→ TASK TO COMPLETE
The answer must consist of every line below that contains the word "City".

(Excerpts from a dataset)
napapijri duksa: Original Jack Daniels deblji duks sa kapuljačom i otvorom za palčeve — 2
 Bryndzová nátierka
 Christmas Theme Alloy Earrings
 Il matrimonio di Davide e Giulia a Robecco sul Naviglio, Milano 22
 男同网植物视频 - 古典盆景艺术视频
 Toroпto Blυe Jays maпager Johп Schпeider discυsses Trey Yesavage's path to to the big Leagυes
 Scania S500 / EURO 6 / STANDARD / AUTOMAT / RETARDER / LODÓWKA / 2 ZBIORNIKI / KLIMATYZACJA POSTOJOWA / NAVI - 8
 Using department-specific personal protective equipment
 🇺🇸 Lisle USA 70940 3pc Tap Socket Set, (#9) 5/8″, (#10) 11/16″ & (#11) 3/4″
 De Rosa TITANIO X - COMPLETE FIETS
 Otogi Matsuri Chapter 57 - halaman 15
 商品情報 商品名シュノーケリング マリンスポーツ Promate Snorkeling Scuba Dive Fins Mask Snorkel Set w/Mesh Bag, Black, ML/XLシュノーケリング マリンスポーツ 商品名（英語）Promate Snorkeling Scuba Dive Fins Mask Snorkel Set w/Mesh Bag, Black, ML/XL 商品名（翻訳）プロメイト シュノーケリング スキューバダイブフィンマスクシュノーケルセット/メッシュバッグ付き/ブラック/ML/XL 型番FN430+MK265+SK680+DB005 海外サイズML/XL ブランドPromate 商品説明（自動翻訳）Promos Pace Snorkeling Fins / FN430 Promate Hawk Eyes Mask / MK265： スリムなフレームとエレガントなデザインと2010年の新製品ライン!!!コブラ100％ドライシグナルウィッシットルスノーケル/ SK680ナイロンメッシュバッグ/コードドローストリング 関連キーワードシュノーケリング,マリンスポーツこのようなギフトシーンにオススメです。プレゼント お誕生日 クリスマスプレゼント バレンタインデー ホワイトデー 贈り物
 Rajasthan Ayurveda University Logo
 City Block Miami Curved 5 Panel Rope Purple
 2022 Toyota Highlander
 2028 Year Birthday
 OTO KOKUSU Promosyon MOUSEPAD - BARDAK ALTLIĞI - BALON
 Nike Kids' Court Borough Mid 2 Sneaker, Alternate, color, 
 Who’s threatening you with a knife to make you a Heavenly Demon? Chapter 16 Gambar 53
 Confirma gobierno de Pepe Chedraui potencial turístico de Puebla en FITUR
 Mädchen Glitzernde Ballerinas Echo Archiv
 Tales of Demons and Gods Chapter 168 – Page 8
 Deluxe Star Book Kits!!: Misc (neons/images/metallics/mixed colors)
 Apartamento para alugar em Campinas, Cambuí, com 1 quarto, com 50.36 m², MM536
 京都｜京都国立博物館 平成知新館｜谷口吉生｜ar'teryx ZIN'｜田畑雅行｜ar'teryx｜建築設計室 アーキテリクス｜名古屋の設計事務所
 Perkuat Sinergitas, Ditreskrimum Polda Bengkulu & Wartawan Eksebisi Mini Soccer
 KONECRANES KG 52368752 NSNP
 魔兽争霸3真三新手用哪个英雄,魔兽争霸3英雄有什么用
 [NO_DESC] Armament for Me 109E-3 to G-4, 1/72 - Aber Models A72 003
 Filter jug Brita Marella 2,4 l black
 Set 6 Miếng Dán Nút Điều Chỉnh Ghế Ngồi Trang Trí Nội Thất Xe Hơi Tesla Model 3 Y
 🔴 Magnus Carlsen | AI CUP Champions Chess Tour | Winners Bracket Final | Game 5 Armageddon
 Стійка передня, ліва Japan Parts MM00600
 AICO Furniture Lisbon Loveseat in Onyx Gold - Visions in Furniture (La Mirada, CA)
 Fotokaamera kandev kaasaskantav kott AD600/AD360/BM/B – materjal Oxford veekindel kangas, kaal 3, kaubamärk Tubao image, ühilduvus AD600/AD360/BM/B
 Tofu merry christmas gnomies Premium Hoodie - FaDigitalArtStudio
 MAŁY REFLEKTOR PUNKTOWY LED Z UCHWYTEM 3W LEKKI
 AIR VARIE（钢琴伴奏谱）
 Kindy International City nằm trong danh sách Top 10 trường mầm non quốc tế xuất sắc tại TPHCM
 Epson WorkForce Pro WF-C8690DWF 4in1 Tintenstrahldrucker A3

→ TASK RESULT
 City Block Miami Curved 5 Panel Rope Purple
 Kindy International City nằm trong danh sách Top 10 trường mầm non quốc tế xuất sắc tại TPHCM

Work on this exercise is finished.